I don't have a lot to say here, I guess . . . really just one main point:  The kind of friendship I was talking about is the main kind I value, which is NOT "let's go to coffee and chat for hours" nor "let's go hiking or work out together" nor "let's go to a movie" nor "let's chat online about our lives".  The kind of friendship I was talking about is what I consider "real" friendship:  two or more people who are working toward a goal which they mutually consider worth working toward, and in which they mutually have resources and time invested.

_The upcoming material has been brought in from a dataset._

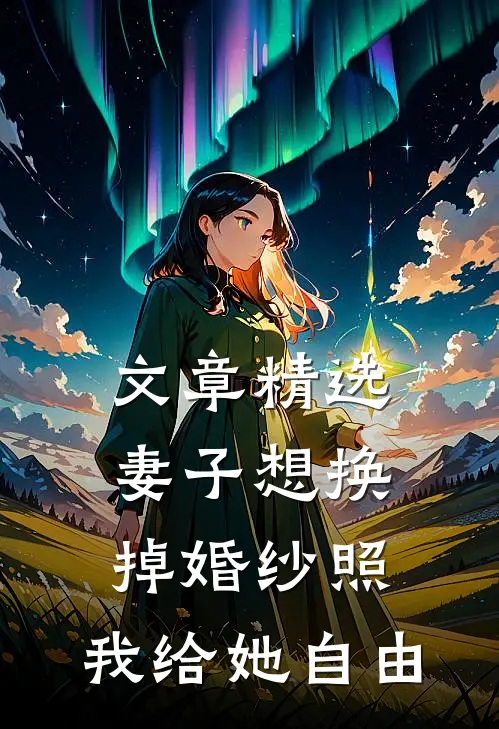 文章精选妻子想换掉婚纱照，我给她自由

So I was surprised by the idea that my "cross-gender friendship" post would be taken by my women friends as if I wanted to do dating activities alone with men who are not my husband, and was surprised by the idea that my "cross-gender friendship" post would be taken by male friends as an invitation to spend time talking one-on-one in FaceBook chat or on the phone or in person.  I have more people in my life to chat with than I can keep up with, honestly . . . and I'm a relatively introverted kind of person. (That doesn't mean that I don't miss lunches with Trevecca Okholm and Alix Riley and Leah Stout and Lydia Sarandan and Barb Church and Heather Best and other women friends, and wouldn't try to make time for those again if I were invited by them or by other dear friends like Elizabeth Steele and Anita Coleman . . . but it does mean that I do not have a felt need for THAT kind of intimacy.  I have a husband and two kids at home still, and am still closely connected to my mom and dad, and my sister and brother and their families, and my two adult sons and their wives . . . and have many many cousins and uncles and aunts . . . who fill me up to overflowing as far as my need for human intimacy, and for whom I never have the time that I wish I had.)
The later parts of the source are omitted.